■ **What to do**
Leaving out each picture, transcribe the lines of the listing below exactly from the first through the line that contains "If you want".

■ **Records to use**

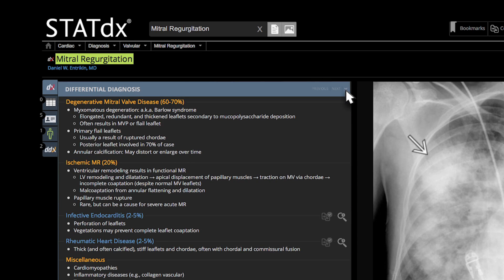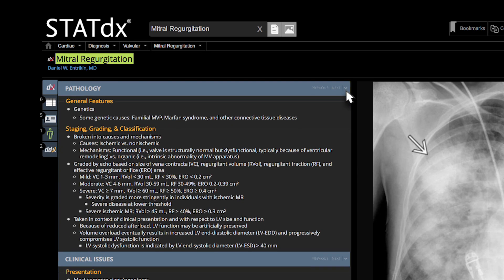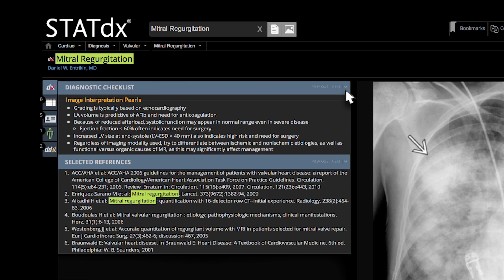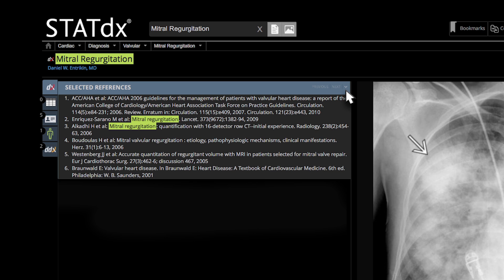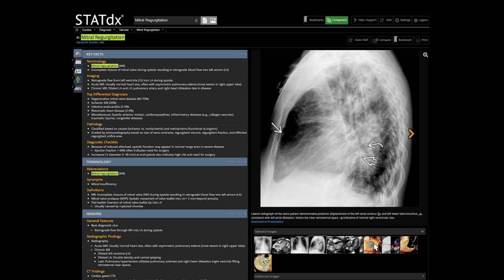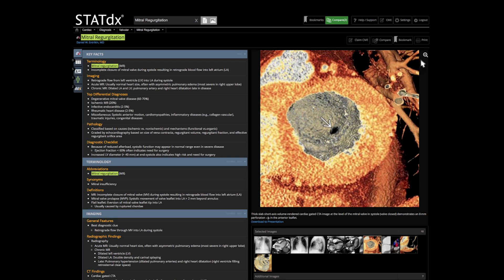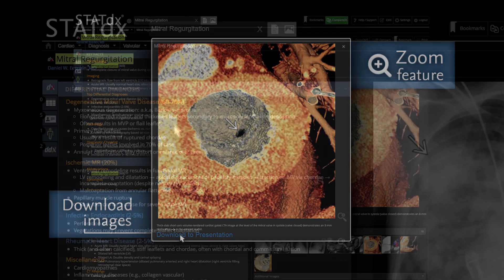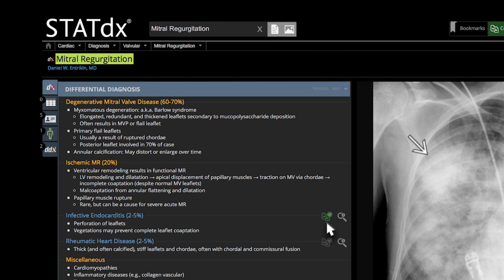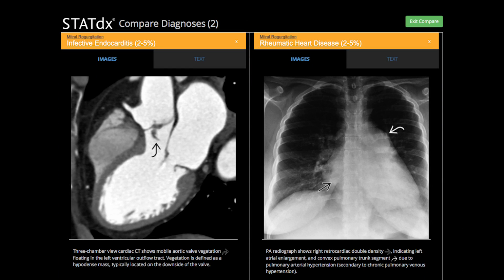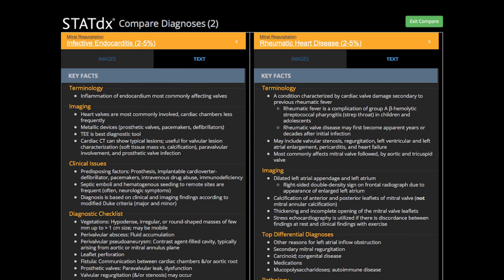Additional sections include differential diagnoses, pathology, clinical issues, diagnostic checklist, and selected references. On the right, the diagnosis is supported by high-quality images. Any image can be increased in size or downloaded for a presentation. Diagnoses of interest can be bookmarked or saved for a later comparison. STAT-DX's compare feature allows for easy and direct comparisons of images and text to help distinguish between diseases.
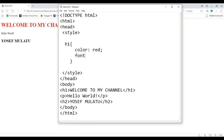If you want to use the font, you can use the font size. This is an example of the unit and the size measurement. The unit is the pixel and the semicolon. This is the example of the pixel and the size measurement.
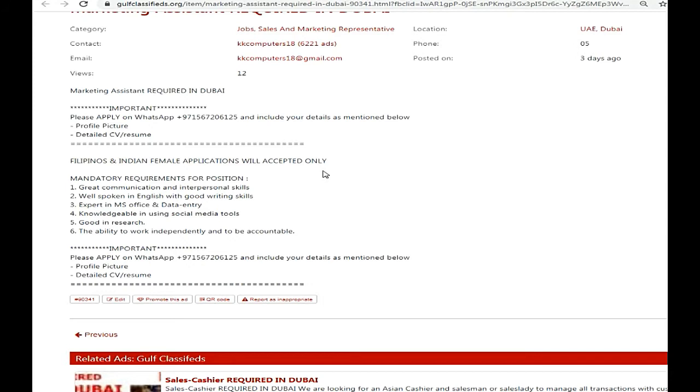So friends, for marketing assistant required, you need to be Filipino and Indian applicants. You need to have good communication skills, interpersonal skills, and be well spoken in English with writing and listening. You need to be expert in MS Office or data entry.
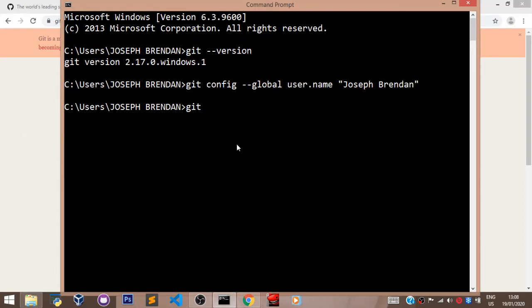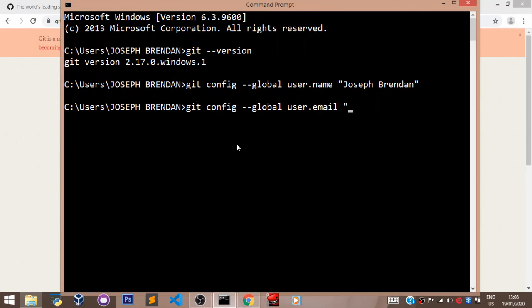you say git config --global user.email. You pass in the quotation marks again and you enter your email here and you hit enter.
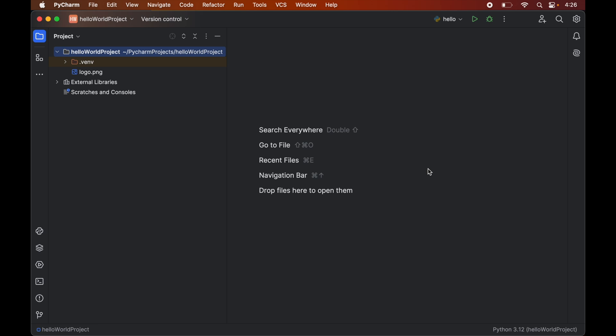In this video you will learn how to install opencv library for a python project in PyCharm IDE. And do hit the like button if you find this video useful.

■ **Answer area**
Additional sections include differential diagnoses, pathology, clinical issues, diagnostic checklist, and selected references. On the right, the diagnosis is supported by high-quality images. Any image can be increased in size or downloaded for a presentation. Diagnoses of interest can be bookmarked or saved for a later comparison. STAT-DX's compare feature allows for easy and direct comparisons of images and text to help distinguish between diseases.
If you want to use the font, you can use the font size. This is an example of the unit and the size measurement. The unit is the pixel and the semicolon. This is the example of the pixel and the size measurement.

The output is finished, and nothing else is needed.